I’ll leave it at that for now…
As a former faculty who was a part of working w/ the SEIU, I am jotting a quick note to voice a few concerns I have wrt emails bouncing around from the admin and some adjucts at the California College of the Arts.
1. When the president and the provost take a position of “wait and see” and “not yet” about the SEIU vote, they are meddling in a decision that is none of their business, and their meddling is a sign of disregard toward faculty. They might adopt a cautiously neutral tone, or not directly endorse those positions (just put them out there as “ideas”), but their position is not neutral.
Union representation is not and never would be in their interest. We form unions precisely because of *our* interests, not theirs and the trustees’. Don’t ask them what they think.
2. The admin will bring attention to meager improvements or to how slightly better CCA is over other schools. Great! All that and more. Is a couple hundred bucks enough to appease you when the president makes about half a million? The point of being unionized is to have bargaining rights and better teaching conditions (ultimately, indeed, a better environment for students). They might make it sound like they can do everything unionization promises w/o actually having a union, but they can’t give you collective rights. You create those outside of the admin.
3. Do you think the union is brusque or aggressive? Have you ever met the labor attorneys your bosses hire? IOW, *any* union… AFT, UAW, etc will be tough if they have managed to survive this far. Don’t expect a cocktail hour at the bargaining table.
4. Again, as I have written elsewhere, the SEIU is an establishment union; it is actually quite mainstream and conciliatory with business, at the end of the day. *They donate $$ to the Democrats, after all!* If you are going to vote against the SEIU, do it in order to form something *better* than SEIU, not worse.
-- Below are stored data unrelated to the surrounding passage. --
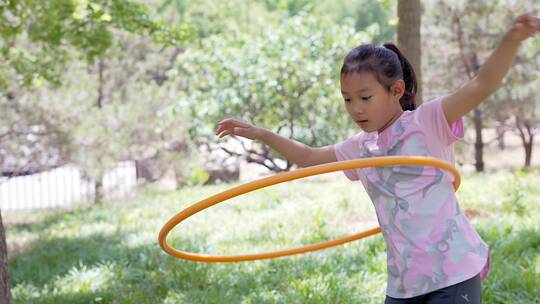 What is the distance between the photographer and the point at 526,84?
14648mm

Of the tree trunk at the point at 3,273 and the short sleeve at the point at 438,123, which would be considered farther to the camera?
the tree trunk at the point at 3,273

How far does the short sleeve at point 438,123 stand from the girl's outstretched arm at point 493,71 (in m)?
0.04

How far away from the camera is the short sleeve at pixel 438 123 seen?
2.91 m

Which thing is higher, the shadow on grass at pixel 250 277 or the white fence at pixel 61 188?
the shadow on grass at pixel 250 277

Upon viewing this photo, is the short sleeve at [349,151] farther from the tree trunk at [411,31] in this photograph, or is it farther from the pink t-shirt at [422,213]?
the tree trunk at [411,31]

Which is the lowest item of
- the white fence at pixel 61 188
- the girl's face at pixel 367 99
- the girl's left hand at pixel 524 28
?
the white fence at pixel 61 188

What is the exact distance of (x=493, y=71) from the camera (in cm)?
264


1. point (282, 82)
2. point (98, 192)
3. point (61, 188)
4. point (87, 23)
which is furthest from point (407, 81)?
point (61, 188)

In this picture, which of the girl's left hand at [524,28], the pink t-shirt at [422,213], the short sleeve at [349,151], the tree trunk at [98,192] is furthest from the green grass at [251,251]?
the tree trunk at [98,192]

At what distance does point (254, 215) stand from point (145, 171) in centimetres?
777

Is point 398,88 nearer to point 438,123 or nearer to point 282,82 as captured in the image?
point 438,123

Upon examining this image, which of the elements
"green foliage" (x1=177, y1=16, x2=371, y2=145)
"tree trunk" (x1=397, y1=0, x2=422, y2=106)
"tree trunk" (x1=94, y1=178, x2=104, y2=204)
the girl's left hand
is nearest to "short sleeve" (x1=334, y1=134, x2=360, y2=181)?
the girl's left hand

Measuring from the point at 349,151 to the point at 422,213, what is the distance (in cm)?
57

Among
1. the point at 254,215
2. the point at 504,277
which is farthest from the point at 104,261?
the point at 504,277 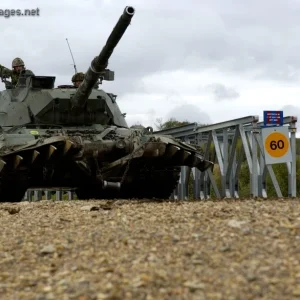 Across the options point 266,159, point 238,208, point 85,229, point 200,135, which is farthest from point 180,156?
point 85,229

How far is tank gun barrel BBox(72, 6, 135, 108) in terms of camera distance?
1251 cm

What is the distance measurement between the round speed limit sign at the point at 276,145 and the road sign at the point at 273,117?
193 mm

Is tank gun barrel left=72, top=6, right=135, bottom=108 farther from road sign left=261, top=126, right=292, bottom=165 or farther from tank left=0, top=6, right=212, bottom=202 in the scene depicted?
road sign left=261, top=126, right=292, bottom=165

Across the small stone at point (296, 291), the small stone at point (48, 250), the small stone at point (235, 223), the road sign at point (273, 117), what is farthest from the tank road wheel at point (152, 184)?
the small stone at point (296, 291)

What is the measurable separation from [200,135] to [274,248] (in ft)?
42.7

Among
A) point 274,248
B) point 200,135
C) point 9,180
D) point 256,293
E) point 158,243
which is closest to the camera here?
point 256,293

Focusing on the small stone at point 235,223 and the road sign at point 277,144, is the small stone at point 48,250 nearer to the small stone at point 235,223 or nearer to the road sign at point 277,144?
the small stone at point 235,223

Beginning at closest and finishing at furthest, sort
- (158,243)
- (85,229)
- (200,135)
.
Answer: (158,243) < (85,229) < (200,135)

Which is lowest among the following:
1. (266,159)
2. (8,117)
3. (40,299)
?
(40,299)

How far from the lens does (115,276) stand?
502cm

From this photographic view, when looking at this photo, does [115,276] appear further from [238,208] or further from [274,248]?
[238,208]

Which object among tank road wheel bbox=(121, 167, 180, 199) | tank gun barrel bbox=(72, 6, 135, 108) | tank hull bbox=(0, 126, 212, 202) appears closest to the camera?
tank gun barrel bbox=(72, 6, 135, 108)

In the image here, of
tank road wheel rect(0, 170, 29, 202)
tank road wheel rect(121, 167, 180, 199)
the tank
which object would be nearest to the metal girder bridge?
the tank

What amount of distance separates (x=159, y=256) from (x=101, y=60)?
8810 millimetres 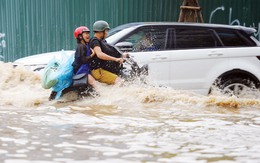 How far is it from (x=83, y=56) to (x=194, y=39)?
2363 mm

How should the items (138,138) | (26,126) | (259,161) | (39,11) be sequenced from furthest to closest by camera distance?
1. (39,11)
2. (26,126)
3. (138,138)
4. (259,161)

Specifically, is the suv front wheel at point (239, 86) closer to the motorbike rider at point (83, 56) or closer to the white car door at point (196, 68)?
the white car door at point (196, 68)

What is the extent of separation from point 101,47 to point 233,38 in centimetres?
269

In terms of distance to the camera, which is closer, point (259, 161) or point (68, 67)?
point (259, 161)

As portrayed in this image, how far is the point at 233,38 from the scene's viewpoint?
10.4 metres

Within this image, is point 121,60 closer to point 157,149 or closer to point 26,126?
point 26,126

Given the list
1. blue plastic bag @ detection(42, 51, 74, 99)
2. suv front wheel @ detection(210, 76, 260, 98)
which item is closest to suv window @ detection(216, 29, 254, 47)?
suv front wheel @ detection(210, 76, 260, 98)

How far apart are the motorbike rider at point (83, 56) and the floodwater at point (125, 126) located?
0.36m

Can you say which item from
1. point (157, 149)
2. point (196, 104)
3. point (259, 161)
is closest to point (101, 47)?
point (196, 104)

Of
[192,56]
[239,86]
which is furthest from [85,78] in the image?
[239,86]

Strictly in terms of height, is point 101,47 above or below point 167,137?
above

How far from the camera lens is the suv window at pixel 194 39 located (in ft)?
33.5

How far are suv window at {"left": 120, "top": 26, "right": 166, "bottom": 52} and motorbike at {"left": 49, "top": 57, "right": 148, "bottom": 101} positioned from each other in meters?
0.54

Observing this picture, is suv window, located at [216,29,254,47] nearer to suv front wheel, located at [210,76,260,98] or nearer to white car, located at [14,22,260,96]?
white car, located at [14,22,260,96] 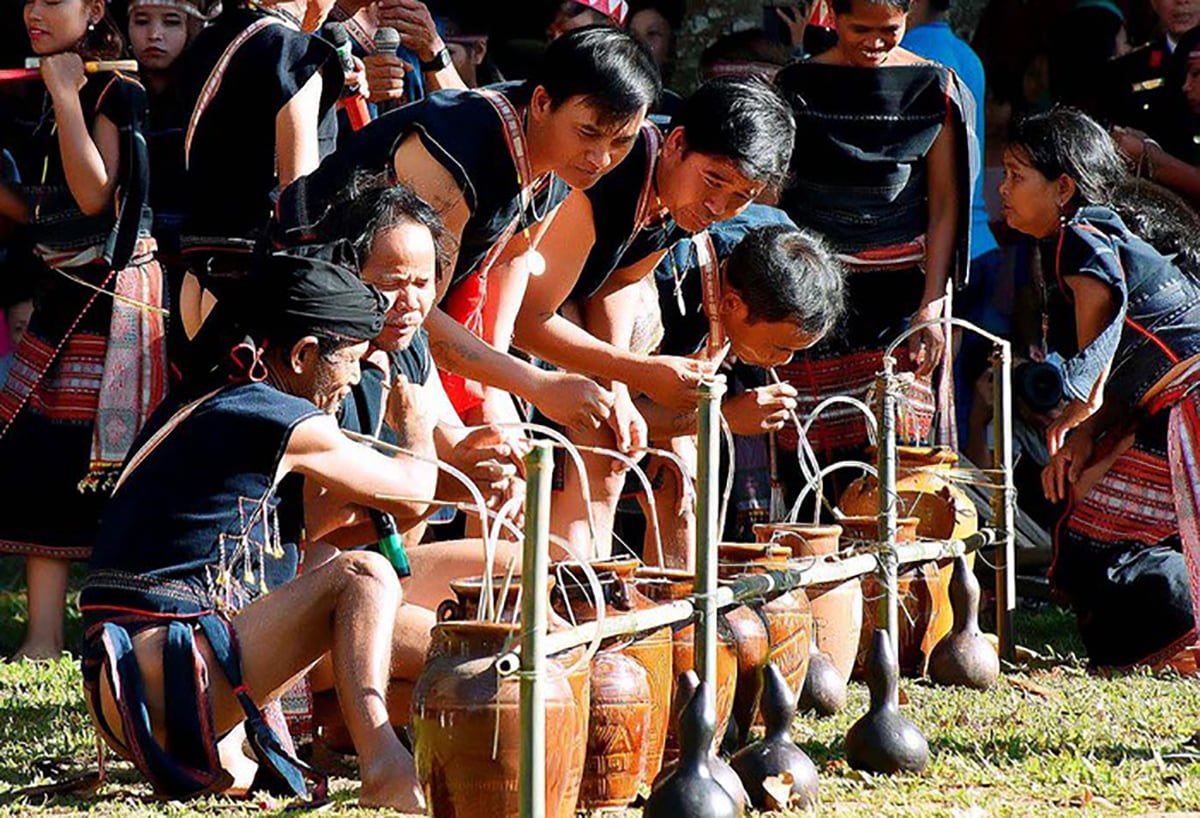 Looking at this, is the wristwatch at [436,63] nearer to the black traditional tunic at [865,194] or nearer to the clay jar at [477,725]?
the black traditional tunic at [865,194]

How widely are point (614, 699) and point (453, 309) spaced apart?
4.09 feet

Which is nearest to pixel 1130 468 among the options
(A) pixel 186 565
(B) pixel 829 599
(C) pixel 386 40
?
(B) pixel 829 599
Are you prepared to volunteer to form a more radical, independent union (amongst dispersed adjuncts)? If you are not committed to work for something more radical, then I humbly urge you to stick with the SEIU.
5. Admin and faculty senators are fond of pointing out that the SEIU represents janitors. This is a classist discourse. What difference does it make? I respect janitorial staff enormously and janitors have worked tirelessly for their rights. I’d be proud to be in a union w/ them.
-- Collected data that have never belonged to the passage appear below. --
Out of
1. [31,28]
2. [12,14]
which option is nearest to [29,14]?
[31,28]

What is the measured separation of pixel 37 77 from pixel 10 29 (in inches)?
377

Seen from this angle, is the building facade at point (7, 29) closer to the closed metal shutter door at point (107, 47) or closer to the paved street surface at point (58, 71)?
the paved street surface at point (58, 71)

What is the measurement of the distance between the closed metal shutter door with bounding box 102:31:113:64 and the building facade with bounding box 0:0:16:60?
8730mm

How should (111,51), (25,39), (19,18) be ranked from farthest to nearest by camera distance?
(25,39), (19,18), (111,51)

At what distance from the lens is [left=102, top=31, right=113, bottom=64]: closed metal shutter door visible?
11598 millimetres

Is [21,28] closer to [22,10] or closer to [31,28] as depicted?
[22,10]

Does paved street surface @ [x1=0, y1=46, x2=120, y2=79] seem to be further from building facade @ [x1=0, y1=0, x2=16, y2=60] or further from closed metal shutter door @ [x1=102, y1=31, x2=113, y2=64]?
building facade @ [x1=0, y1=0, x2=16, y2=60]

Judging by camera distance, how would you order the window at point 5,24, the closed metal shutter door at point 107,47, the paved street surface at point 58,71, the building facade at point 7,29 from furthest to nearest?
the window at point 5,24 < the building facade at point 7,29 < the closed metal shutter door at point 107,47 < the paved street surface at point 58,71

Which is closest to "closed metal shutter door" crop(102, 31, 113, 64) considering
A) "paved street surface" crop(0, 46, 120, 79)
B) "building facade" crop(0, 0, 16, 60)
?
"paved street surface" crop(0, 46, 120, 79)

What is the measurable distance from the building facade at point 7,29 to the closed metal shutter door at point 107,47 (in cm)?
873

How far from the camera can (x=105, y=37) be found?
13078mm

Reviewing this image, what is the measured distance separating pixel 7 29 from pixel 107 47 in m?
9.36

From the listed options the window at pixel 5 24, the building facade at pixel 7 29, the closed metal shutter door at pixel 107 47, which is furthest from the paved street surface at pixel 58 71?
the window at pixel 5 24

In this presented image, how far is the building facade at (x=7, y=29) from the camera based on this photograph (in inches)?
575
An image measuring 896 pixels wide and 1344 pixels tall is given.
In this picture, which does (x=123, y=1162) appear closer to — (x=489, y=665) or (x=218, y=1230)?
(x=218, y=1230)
6. There is also a common refrain that the SEIU is not experienced with academia. But what gets negotiated in a contract rides on the faculty which the faculty body elects as part of the negotiation team. The union can also get high on its power — if faculty sit back and let them run the show.
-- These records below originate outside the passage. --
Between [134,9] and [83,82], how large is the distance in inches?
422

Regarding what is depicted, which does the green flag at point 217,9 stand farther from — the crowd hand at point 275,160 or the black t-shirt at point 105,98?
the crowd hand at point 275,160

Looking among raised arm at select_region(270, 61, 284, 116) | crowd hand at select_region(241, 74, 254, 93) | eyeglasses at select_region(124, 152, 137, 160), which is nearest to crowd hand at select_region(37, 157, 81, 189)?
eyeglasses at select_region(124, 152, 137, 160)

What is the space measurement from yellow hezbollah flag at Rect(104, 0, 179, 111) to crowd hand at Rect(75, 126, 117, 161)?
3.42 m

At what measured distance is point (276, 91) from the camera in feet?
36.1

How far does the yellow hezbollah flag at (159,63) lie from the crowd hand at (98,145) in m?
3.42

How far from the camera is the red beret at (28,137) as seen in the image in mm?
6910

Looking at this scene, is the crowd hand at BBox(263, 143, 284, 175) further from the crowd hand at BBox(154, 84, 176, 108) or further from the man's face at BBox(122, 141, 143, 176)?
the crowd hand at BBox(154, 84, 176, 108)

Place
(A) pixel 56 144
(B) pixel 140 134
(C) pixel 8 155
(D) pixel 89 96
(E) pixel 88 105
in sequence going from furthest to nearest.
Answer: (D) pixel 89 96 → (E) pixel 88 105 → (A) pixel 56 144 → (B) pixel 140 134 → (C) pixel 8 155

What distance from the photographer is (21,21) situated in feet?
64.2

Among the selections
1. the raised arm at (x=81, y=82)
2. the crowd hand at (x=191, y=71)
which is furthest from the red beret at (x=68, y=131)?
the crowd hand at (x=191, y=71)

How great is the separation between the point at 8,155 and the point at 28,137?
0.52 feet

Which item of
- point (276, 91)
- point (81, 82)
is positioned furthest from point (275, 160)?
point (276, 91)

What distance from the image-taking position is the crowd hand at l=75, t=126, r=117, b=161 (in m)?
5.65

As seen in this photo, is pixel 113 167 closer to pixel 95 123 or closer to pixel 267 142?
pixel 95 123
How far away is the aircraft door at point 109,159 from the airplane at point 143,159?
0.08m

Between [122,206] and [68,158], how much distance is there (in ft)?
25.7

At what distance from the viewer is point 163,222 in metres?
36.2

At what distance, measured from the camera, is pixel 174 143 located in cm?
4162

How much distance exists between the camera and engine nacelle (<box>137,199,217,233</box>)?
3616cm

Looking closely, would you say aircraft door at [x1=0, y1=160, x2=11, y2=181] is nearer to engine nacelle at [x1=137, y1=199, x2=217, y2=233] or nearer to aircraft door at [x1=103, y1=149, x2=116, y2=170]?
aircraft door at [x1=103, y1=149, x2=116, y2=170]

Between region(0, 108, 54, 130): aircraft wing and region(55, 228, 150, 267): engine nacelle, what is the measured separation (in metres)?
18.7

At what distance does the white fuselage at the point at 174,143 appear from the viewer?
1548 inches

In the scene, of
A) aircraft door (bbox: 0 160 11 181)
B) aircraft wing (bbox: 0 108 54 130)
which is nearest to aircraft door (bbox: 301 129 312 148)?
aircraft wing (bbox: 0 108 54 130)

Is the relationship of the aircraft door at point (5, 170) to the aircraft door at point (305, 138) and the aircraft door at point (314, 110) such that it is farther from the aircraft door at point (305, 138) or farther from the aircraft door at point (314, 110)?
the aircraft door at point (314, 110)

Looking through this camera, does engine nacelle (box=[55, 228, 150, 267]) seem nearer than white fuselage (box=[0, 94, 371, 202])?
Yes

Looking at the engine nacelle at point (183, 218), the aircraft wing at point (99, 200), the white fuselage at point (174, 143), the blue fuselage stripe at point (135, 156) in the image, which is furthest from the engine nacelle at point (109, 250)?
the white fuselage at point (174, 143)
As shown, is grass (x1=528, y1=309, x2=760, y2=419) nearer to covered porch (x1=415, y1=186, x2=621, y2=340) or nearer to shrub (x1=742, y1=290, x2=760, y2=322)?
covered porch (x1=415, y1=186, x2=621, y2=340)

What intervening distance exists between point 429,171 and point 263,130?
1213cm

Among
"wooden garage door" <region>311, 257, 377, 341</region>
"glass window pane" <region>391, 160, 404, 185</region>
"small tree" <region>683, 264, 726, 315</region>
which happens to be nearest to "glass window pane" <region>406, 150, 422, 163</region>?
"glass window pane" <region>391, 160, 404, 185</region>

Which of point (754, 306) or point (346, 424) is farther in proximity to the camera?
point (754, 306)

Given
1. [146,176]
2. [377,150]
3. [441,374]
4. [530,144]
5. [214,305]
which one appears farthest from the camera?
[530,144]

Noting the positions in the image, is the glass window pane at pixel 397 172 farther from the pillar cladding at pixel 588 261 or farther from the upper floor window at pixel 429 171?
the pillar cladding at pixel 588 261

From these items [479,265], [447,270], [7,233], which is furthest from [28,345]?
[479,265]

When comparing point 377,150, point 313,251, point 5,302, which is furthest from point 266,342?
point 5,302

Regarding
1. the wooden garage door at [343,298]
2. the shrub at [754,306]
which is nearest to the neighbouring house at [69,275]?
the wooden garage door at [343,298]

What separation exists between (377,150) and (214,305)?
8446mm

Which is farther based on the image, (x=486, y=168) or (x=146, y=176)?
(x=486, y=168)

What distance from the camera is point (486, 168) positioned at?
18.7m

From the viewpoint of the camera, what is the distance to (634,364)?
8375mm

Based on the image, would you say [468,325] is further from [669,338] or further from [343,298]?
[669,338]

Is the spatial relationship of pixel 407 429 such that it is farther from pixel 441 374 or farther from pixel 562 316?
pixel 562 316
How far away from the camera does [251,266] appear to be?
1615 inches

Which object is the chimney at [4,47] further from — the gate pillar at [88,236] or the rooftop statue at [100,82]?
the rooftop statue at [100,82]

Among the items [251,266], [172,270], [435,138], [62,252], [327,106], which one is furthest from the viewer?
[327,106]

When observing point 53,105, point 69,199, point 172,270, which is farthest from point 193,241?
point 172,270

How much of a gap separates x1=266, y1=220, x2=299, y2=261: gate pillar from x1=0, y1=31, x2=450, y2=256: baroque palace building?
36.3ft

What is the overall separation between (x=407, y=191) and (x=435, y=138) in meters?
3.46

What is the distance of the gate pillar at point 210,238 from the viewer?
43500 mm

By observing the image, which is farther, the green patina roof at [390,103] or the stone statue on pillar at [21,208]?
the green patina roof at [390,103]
7. Words like “collegial” and “open” will also be deployed like stealth weapons to dissuade faculty from acting to demand their rights.
8. Admin will be against unions because they are worried that all their workers will follow. The security guards, the bus drivers, the janitors, the computer staff, and so on. Let them worry and fret and deliberate on *their own time* and not meddle with *your rights* to unionize. Also…Stop letting the admin waste your unpaid time on meetings that have zero decision-making power riding on them.
9. Artists and art workers have a long history of labor insurgency. The great work of Mierle Laderman Ukeles is a testament to this, not to mention her affinity with the workers who do the unwanted, messy maintenance work of garbage and cleaning. (This is something I learned from teaching with David Gissen in the lecture halls of CCA). It’s frankly time to reclaim that history and this connection to the struggles against structural oppression. Neither yes or no is a clear path to retaking that fight. Faculty have many more oppositional and creative tools at their disposal than what admin or union bosses would have them think. All paths lead to more struggle and more work. But my plea here –as someone who started going to meetings with the SEIU back in January (we’ve had plenty of time, btw)– is to make the decision based on organizing and on engaging deeper with that struggle, rather than on the reasons espoused by the voices for “civility” and milquetoast “cooperation” and “collegiality.” If it were my vote, I’d vote yes.